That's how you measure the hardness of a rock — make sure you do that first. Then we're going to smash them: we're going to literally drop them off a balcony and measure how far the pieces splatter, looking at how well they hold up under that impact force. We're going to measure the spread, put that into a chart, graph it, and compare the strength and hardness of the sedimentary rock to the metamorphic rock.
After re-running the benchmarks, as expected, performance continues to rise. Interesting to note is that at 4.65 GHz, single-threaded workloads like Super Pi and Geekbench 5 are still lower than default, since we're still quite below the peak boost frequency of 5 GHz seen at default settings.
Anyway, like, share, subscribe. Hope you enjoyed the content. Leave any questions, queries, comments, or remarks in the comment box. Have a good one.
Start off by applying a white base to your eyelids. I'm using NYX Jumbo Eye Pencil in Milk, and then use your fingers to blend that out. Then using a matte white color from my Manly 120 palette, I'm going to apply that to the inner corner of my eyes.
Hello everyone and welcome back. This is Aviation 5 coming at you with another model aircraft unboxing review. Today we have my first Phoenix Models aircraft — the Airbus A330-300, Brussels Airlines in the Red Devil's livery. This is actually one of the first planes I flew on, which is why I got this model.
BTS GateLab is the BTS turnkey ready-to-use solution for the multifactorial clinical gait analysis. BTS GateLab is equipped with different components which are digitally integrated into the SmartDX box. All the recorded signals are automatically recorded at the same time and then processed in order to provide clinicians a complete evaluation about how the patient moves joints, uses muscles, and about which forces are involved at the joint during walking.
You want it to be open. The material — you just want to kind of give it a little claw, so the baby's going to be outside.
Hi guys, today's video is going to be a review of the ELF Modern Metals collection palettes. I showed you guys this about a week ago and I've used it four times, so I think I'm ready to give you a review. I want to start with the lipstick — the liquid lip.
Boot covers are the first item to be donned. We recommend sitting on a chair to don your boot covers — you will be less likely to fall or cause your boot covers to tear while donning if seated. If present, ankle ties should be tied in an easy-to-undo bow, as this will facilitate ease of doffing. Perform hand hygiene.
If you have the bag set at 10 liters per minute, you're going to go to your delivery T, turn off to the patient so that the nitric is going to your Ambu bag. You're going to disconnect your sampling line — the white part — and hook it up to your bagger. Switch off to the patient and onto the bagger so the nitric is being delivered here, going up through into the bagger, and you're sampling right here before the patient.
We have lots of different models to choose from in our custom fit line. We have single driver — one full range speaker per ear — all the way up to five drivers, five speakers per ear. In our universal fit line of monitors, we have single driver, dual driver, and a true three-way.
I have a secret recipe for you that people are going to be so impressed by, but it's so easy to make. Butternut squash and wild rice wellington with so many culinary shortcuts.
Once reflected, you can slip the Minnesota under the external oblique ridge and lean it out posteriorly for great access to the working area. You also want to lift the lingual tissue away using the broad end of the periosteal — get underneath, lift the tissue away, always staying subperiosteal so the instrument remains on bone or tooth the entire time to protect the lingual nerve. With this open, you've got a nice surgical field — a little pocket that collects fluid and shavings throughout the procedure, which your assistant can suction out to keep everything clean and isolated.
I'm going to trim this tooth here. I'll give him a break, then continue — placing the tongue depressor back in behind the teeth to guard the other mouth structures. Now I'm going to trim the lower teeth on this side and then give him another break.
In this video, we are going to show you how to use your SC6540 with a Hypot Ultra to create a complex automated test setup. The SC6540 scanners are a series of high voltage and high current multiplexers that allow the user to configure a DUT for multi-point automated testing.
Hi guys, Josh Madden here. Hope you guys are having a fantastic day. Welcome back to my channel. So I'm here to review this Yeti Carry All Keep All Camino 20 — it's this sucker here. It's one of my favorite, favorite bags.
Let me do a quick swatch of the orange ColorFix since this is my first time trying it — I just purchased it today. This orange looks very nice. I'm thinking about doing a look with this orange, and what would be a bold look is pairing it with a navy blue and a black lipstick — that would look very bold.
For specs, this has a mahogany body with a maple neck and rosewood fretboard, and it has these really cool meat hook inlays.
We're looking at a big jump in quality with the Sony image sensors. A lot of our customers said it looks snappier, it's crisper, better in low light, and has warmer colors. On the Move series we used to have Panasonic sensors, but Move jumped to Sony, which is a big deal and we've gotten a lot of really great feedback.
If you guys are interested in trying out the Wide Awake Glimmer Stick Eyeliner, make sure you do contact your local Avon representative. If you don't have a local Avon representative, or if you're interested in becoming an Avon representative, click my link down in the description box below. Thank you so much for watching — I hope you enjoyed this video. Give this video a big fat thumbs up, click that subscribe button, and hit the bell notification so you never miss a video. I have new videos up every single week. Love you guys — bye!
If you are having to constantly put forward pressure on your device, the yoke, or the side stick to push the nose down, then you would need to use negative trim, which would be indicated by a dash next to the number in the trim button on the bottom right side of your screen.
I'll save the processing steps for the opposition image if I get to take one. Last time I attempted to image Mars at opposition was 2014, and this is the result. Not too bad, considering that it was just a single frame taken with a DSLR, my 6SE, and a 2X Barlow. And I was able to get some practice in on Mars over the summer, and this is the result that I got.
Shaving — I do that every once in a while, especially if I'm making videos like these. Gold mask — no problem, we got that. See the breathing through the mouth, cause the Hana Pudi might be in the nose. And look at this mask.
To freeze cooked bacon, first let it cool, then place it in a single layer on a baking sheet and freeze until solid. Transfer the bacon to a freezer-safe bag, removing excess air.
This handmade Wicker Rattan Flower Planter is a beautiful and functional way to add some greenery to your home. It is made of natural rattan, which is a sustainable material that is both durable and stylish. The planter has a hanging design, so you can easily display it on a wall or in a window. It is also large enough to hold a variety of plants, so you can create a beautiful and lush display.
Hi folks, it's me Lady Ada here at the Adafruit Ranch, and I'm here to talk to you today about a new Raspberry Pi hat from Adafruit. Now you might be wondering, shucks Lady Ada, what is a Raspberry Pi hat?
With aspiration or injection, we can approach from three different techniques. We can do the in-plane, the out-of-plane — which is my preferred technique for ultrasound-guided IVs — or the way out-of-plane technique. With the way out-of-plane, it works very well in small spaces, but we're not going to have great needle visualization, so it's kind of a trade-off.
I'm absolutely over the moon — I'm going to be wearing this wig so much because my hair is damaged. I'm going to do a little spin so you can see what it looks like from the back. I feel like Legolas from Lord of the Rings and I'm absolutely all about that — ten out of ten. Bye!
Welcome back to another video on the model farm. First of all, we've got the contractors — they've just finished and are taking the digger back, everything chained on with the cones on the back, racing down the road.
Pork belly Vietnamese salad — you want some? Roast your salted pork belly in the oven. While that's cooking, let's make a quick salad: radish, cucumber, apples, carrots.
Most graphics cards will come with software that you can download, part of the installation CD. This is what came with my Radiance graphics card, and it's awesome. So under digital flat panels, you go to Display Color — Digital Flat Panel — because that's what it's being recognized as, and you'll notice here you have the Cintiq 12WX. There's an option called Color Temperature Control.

^^^^^^^^

Problem statement: In full and word for word, output the entries.

Solution to the exercise:
That's how you measure the hardness of a rock — make sure you do that first. Then we're going to smash them: we're going to literally drop them off a balcony and measure how far the pieces splatter, looking at how well they hold up under that impact force. We're going to measure the spread, put that into a chart, graph it, and compare the strength and hardness of the sedimentary rock to the metamorphic rock.
After re-running the benchmarks, as expected, performance continues to rise. Interesting to note is that at 4.65 GHz, single-threaded workloads like Super Pi and Geekbench 5 are still lower than default, since we're still quite below the peak boost frequency of 5 GHz seen at default settings.
Anyway, like, share, subscribe. Hope you enjoyed the content. Leave any questions, queries, comments, or remarks in the comment box. Have a good one.
Start off by applying a white base to your eyelids. I'm using NYX Jumbo Eye Pencil in Milk, and then use your fingers to blend that out. Then using a matte white color from my Manly 120 palette, I'm going to apply that to the inner corner of my eyes.
Hello everyone and welcome back. This is Aviation 5 coming at you with another model aircraft unboxing review. Today we have my first Phoenix Models aircraft — the Airbus A330-300, Brussels Airlines in the Red Devil's livery. This is actually one of the first planes I flew on, which is why I got this model.
BTS GateLab is the BTS turnkey ready-to-use solution for the multifactorial clinical gait analysis. BTS GateLab is equipped with different components which are digitally integrated into the SmartDX box. All the recorded signals are automatically recorded at the same time and then processed in order to provide clinicians a complete evaluation about how the patient moves joints, uses muscles, and about which forces are involved at the joint during walking.
You want it to be open. The material — you just want to kind of give it a little claw, so the baby's going to be outside.
Hi guys, today's video is going to be a review of the ELF Modern Metals collection palettes. I showed you guys this about a week ago and I've used it four times, so I think I'm ready to give you a review. I want to start with the lipstick — the liquid lip.
Boot covers are the first item to be donned. We recommend sitting on a chair to don your boot covers — you will be less likely to fall or cause your boot covers to tear while donning if seated. If present, ankle ties should be tied in an easy-to-undo bow, as this will facilitate ease of doffing. Perform hand hygiene.
If you have the bag set at 10 liters per minute, you're going to go to your delivery T, turn off to the patient so that the nitric is going to your Ambu bag. You're going to disconnect your sampling line — the white part — and hook it up to your bagger. Switch off to the patient and onto the bagger so the nitric is being delivered here, going up through into the bagger, and you're sampling right here before the patient.
We have lots of different models to choose from in our custom fit line. We have single driver — one full range speaker per ear — all the way up to five drivers, five speakers per ear. In our universal fit line of monitors, we have single driver, dual driver, and a true three-way.
I have a secret recipe for you that people are going to be so impressed by, but it's so easy to make. Butternut squash and wild rice wellington with so many culinary shortcuts.
Once reflected, you can slip the Minnesota under the external oblique ridge and lean it out posteriorly for great access to the working area. You also want to lift the lingual tissue away using the broad end of the periosteal — get underneath, lift the tissue away, always staying subperiosteal so the instrument remains on bone or tooth the entire time to protect the lingual nerve. With this open, you've got a nice surgical field — a little pocket that collects fluid and shavings throughout the procedure, which your assistant can suction out to keep everything clean and isolated.
I'm going to trim this tooth here. I'll give him a break, then continue — placing the tongue depressor back in behind the teeth to guard the other mouth structures. Now I'm going to trim the lower teeth on this side and then give him another break.
In this video, we are going to show you how to use your SC6540 with a Hypot Ultra to create a complex automated test setup. The SC6540 scanners are a series of high voltage and high current multiplexers that allow the user to configure a DUT for multi-point automated testing.
Hi guys, Josh Madden here. Hope you guys are having a fantastic day. Welcome back to my channel. So I'm here to review this Yeti Carry All Keep All Camino 20 — it's this sucker here. It's one of my favorite, favorite bags.
Let me do a quick swatch of the orange ColorFix since this is my first time trying it — I just purchased it today. This orange looks very nice. I'm thinking about doing a look with this orange, and what would be a bold look is pairing it with a navy blue and a black lipstick — that would look very bold.
For specs, this has a mahogany body with a maple neck and rosewood fretboard, and it has these really cool meat hook inlays.
We're looking at a big jump in quality with the Sony image sensors. A lot of our customers said it looks snappier, it's crisper, better in low light, and has warmer colors. On the Move series we used to have Panasonic sensors, but Move jumped to Sony, which is a big deal and we've gotten a lot of really great feedback.
If you guys are interested in trying out the Wide Awake Glimmer Stick Eyeliner, make sure you do contact your local Avon representative. If you don't have a local Avon representative, or if you're interested in becoming an Avon representative, click my link down in the description box below. Thank you so much for watching — I hope you enjoyed this video. Give this video a big fat thumbs up, click that subscribe button, and hit the bell notification so you never miss a video. I have new videos up every single week. Love you guys — bye!
If you are having to constantly put forward pressure on your device, the yoke, or the side stick to push the nose down, then you would need to use negative trim, which would be indicated by a dash next to the number in the trim button on the bottom right side of your screen.
I'll save the processing steps for the opposition image if I get to take one. Last time I attempted to image Mars at opposition was 2014, and this is the result. Not too bad, considering that it was just a single frame taken with a DSLR, my 6SE, and a 2X Barlow. And I was able to get some practice in on Mars over the summer, and this is the result that I got.
Shaving — I do that every once in a while, especially if I'm making videos like these. Gold mask — no problem, we got that. See the breathing through the mouth, cause the Hana Pudi might be in the nose. And look at this mask.
To freeze cooked bacon, first let it cool, then place it in a single layer on a baking sheet and freeze until solid. Transfer the bacon to a freezer-safe bag, removing excess air.
This handmade Wicker Rattan Flower Planter is a beautiful and functional way to add some greenery to your home. It is made of natural rattan, which is a sustainable material that is both durable and stylish. The planter has a hanging design, so you can easily display it on a wall or in a window. It is also large enough to hold a variety of plants, so you can create a beautiful and lush display.
Hi folks, it's me Lady Ada here at the Adafruit Ranch, and I'm here to talk to you today about a new Raspberry Pi hat from Adafruit. Now you might be wondering, shucks Lady Ada, what is a Raspberry Pi hat?
With aspiration or injection, we can approach from three different techniques. We can do the in-plane, the out-of-plane — which is my preferred technique for ultrasound-guided IVs — or the way out-of-plane technique. With the way out-of-plane, it works very well in small spaces, but we're not going to have great needle visualization, so it's kind of a trade-off.
I'm absolutely over the moon — I'm going to be wearing this wig so much because my hair is damaged. I'm going to do a little spin so you can see what it looks like from the back. I feel like Legolas from Lord of the Rings and I'm absolutely all about that — ten out of ten. Bye!
Welcome back to another video on the model farm. First of all, we've got the contractors — they've just finished and are taking the digger back, everything chained on with the cones on the back, racing down the road.
Pork belly Vietnamese salad — you want some? Roast your salted pork belly in the oven. While that's cooking, let's make a quick salad: radish, cucumber, apples, carrots.
Most graphics cards will come with software that you can download, part of the installation CD. This is what came with my Radiance graphics card, and it's awesome. So under digital flat panels, you go to Display Color — Digital Flat Panel — because that's what it's being recognized as, and you'll notice here you have the Cintiq 12WX. There's an option called Color Temperature Control.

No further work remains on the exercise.